Common Issues

Tasks are not executed

If the tasks remain in Blocked state probably there are no existing resources matching the specific task constraints. This error can be potentially caused by two facts: the resources are not correctly loaded into the runtime, or the task constraints do not match with any resource.

In the first case, users should take a look at the resouces.log and check that all the resources defined in the project.xml file are available to the runtime. In the second case users should re-define the task constraints taking into account the resources capabilities defined into the resources.xml and project.xml files.

Jobs fail

If all the application’s tasks fail because all the submitted jobs fail, it is probably due to the fact that there is a resource miss-configuration. In most of the cases, the resource that the application is trying to access has no passwordless access through the configured user. This can be checked by:

  • Open the project.xml. (The default file is stored under /opt/COMPSs/ Runtime/configuration/xml/projects/project.xml)
  • For each resource annotate its name and the value inside the User tag. Remember that if there is no User tag COMPSs will try to connect this resource with the same username than the one that launches the main application.
  • For each annotated resourceName - user please try ssh user@resourceName.

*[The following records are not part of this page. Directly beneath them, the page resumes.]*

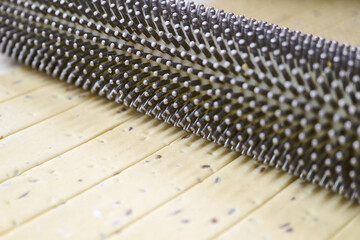 Cracker dough being perforated by a docking roller before baking for consistent texture and flavor enhancement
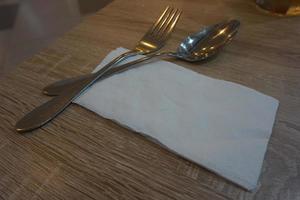 Fork with spoon and tissue paper on a wooden table in a cafe. photo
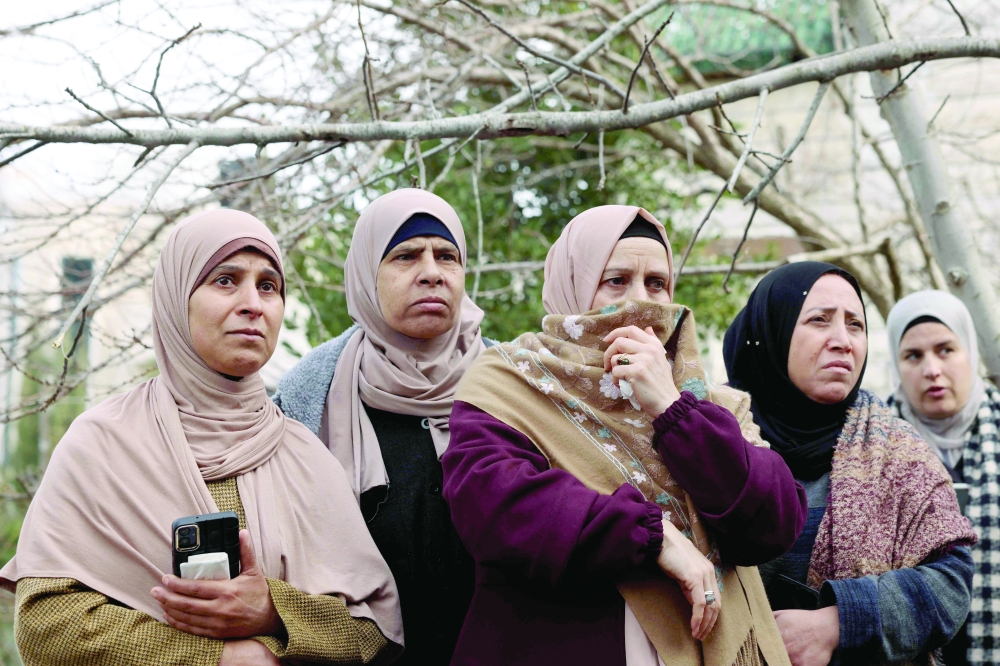 Mourners attend the funeral of a Palestinian, who was killed during clashes with Israeli forces, at the al-Aroub camp, in the West Bank. — AFP 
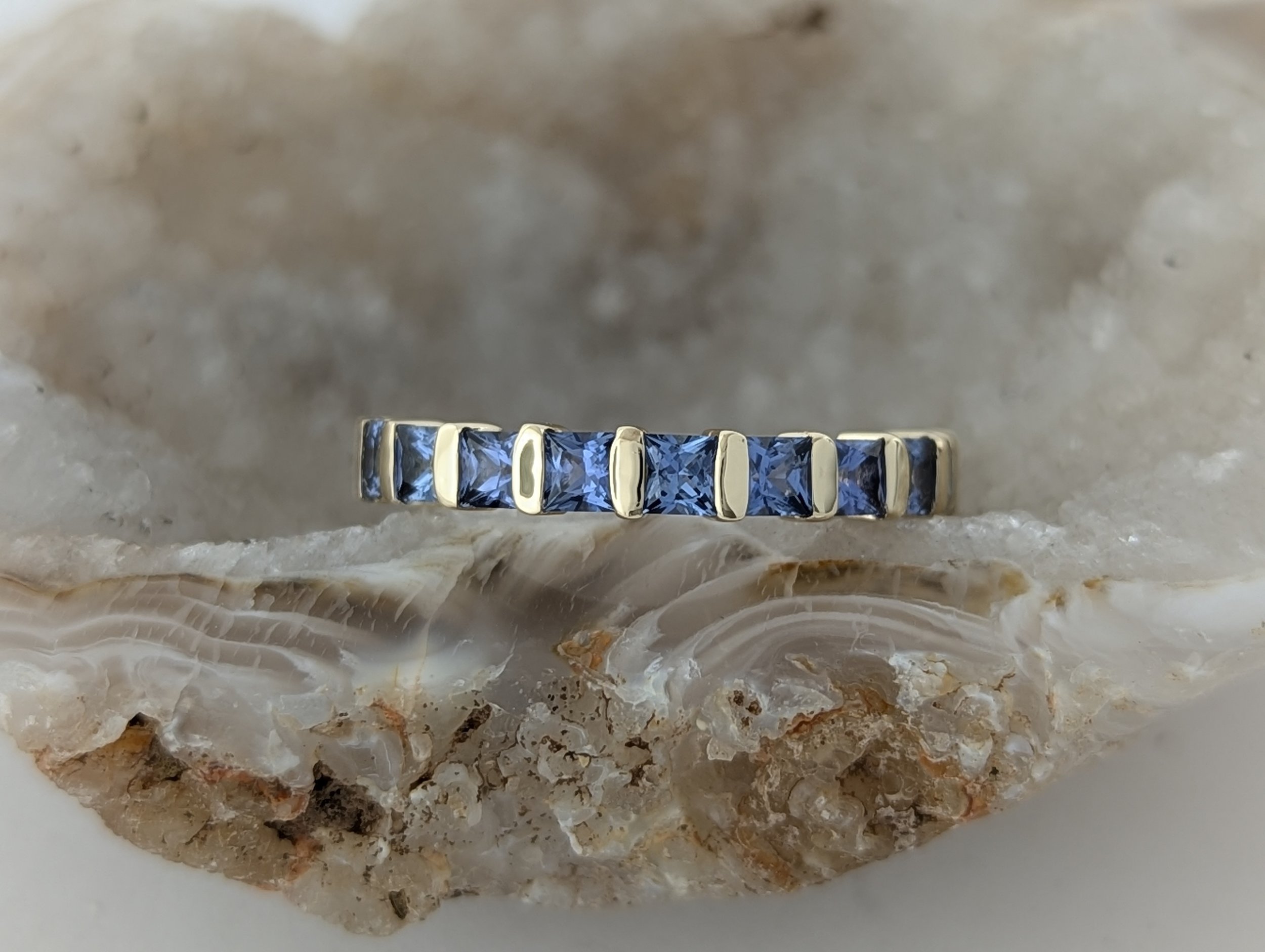 Montana Yogo Sapphire channel set band in 14k yellow gold, 1.3tcw.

If the connection asks for a password then there is an error in the configuration of the ssh access in the resource.

The problem can be solved running the following commands:

compss@bsc:~$ scp ~/.ssh/id_rsa.pub user@resourceName:./myRSA.pub
compss@bsc:~$ ssh user@resourceName "cat myRSA.pub >> ~/.ssh/authorized_keys; rm ./myRSA.pub"

These commands are a quick solution, for further details please check the Additional Configuration Section.

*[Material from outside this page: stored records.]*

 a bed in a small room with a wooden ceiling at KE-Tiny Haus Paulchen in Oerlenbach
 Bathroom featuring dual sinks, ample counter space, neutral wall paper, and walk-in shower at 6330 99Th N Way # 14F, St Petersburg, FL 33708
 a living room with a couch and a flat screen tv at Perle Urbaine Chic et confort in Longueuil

Exceptions when starting the Worker processes

When the COMPSs master is not able to communicate with one of the COMPSs workers described in the project.xml and resources.xml files, different exceptions can be raised and logged on the runtime.log of the application. All of them are raised during the worker start up and contain the [WorkerStarter] prefix. Next we provide a list with the common exceptions:

InitNodeException
Exception raised when the remote SSH process to start the worker has failed.
UnstartedNodeException
Exception raised when the worker process has aborted.
Connection refused
Exception raised when the master cannot communicate with the worker process (NIO).

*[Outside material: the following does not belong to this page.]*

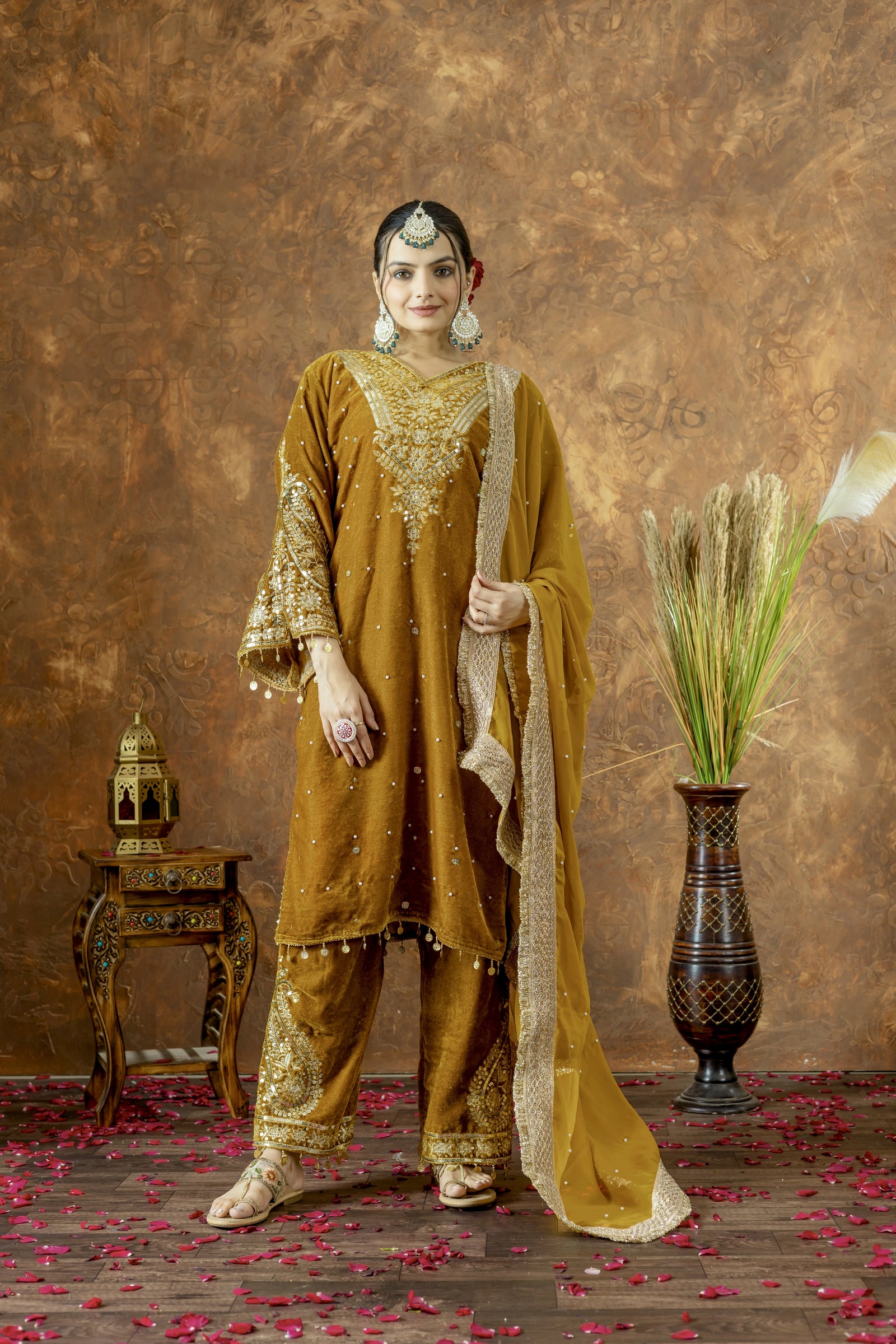 Woman in traditional mustard yellow outfit with gold embroidery against a textured brown background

All these exceptions encapsulate an error when starting the worker process. This means that the worker machine is not properly configured and thus, you need to check the environment of the failing worker. Further information about the specific error can be found on the worker log, available at the working directory path in the remote worker machine (the worker working directory specified in the project.xml} file).

Next, we list the most common errors and their solutions:

java command not found
Invalid path to the java binary. Check the JAVA_HOME definition at the remote worker machine.
Cannot create WD
Invalid working directory. Check the rw permissions of the worker’s working directory.
No exception
The worker process has started normally and there is no exception. In this case the issue is normally due to the firewall configuration preventing the communication between the COMPSs master and worker. Please check that the worker firewall has in and out permissions for TCP and UDP in the adaptor ports (the adaptor ports are specified in the resources.xml file. By default the port rank is 43000-44000.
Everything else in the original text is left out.